Shown below are entries with pictures; the line with "GRILLROST Mit Griffen" through the line with "Maki Home %100" is the span to retype exactly, and the pictures stay out.
** Opening DATA EXTRACTS block **
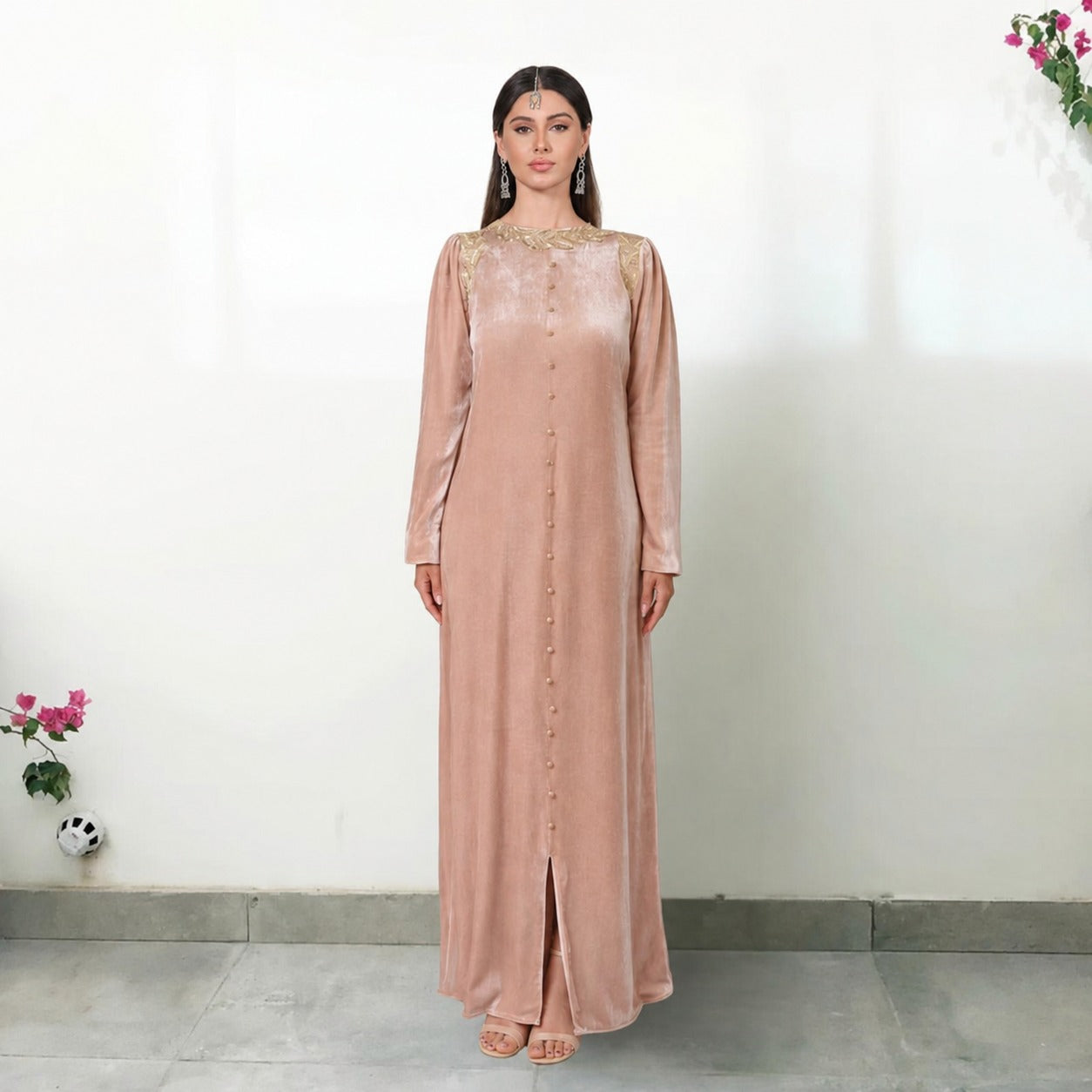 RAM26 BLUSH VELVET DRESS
** Closing DATA EXTRACTS block **
** Opening DATA EXTRACTS block **
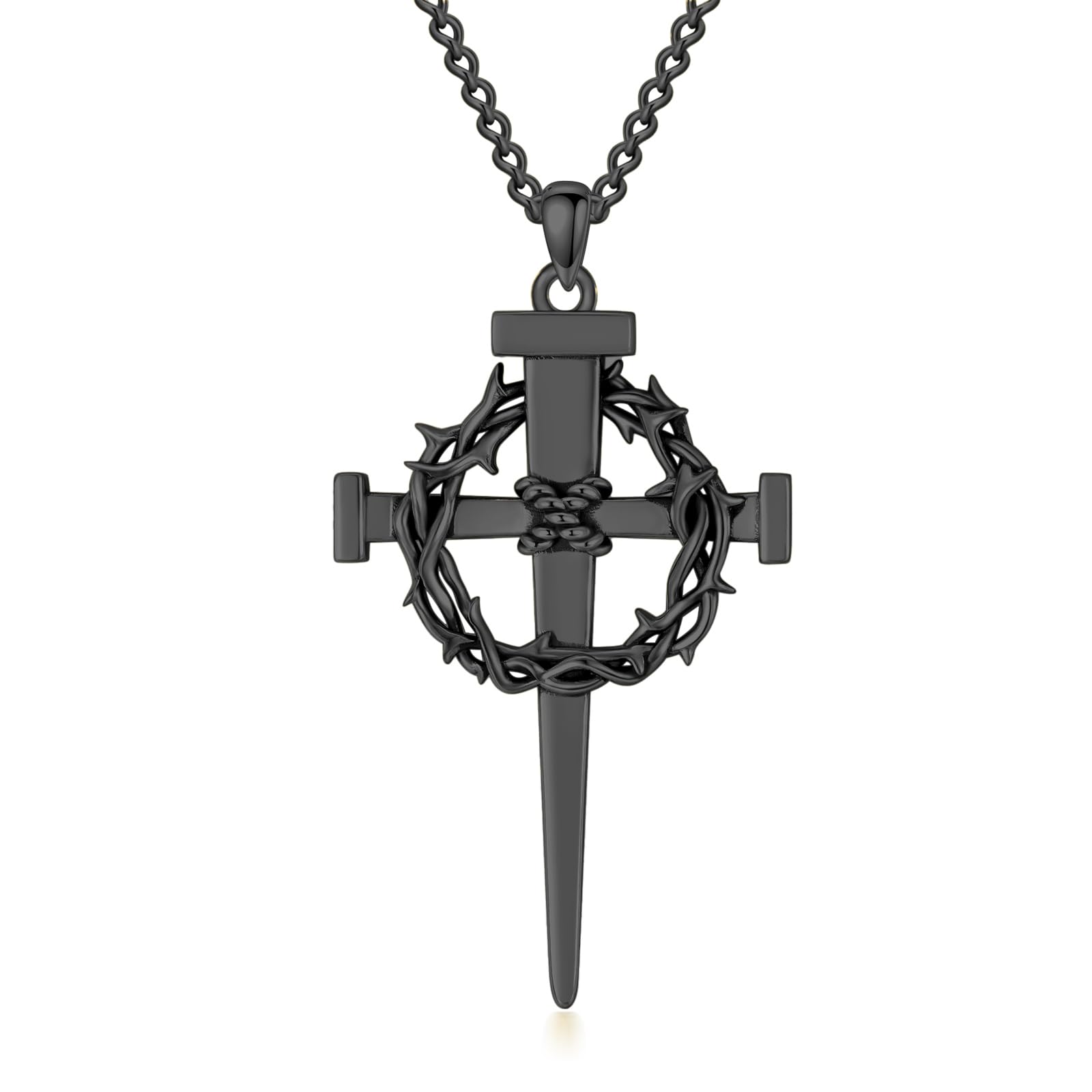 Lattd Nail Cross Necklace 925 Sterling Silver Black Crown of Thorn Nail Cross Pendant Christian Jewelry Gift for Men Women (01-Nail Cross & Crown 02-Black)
** Closing DATA EXTRACTS block **
** Opening DATA EXTRACTS block **
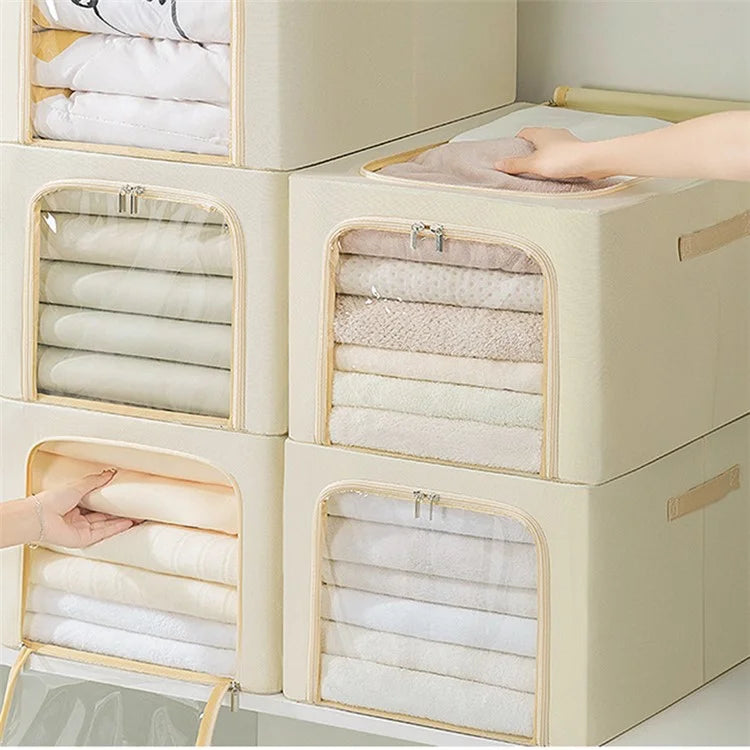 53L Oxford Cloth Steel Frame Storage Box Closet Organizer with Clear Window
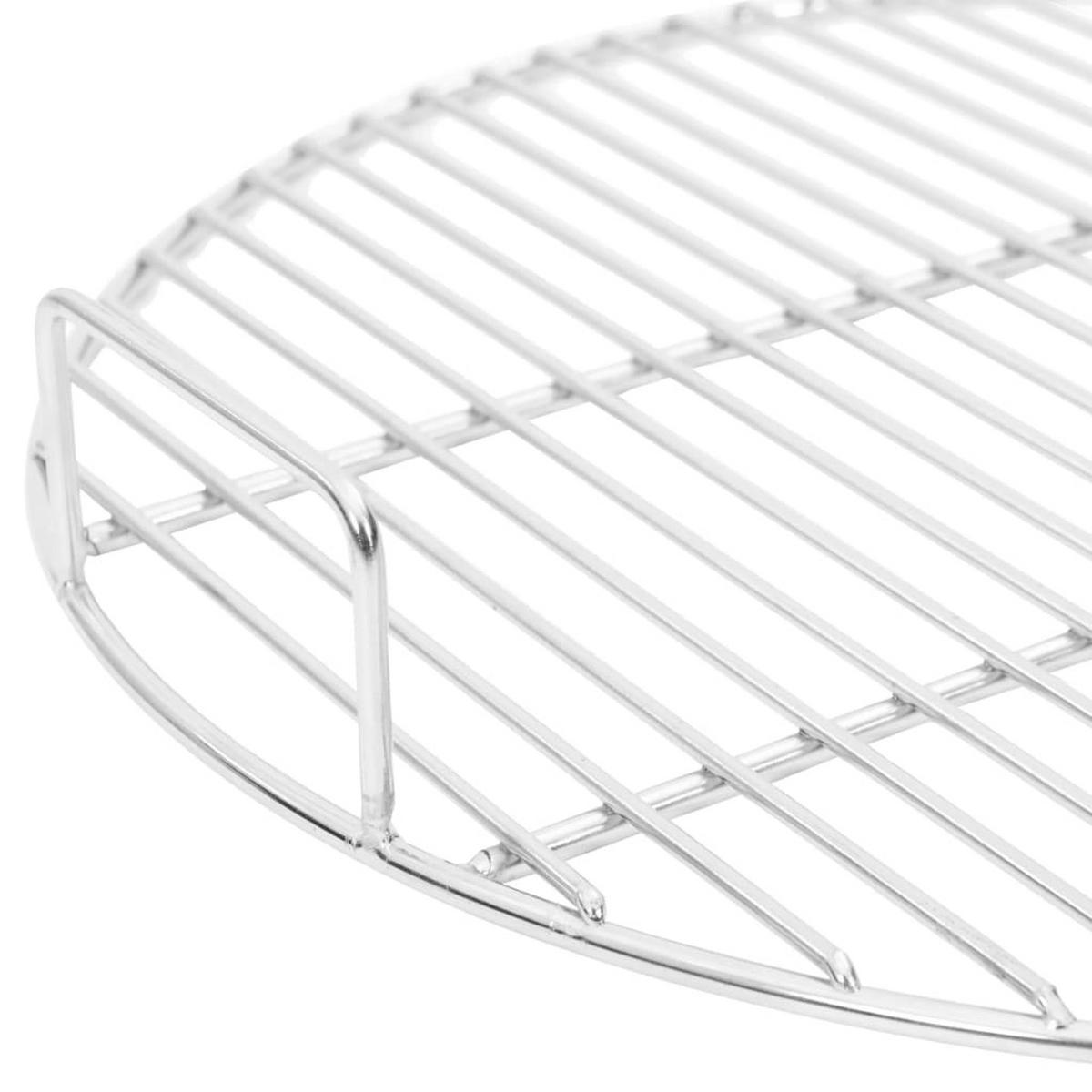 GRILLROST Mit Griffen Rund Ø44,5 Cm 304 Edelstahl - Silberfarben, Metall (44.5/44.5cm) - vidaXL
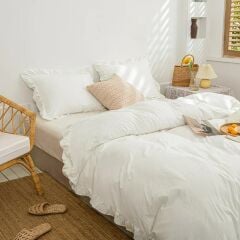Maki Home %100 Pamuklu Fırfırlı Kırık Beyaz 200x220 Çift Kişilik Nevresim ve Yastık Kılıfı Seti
** Closing DATA EXTRACTS block **
_REPLY TO THE EXERCISE_
 GRILLROST Mit Griffen Rund Ø44,5 Cm 304 Edelstahl - Silberfarben, Metall (44.5/44.5cm) - vidaXL
Maki Home %100 Pamuklu Fırfırlı Kırık Beyaz 200x220 Çift Kişilik Nevresim ve Yastık Kılıfı Seti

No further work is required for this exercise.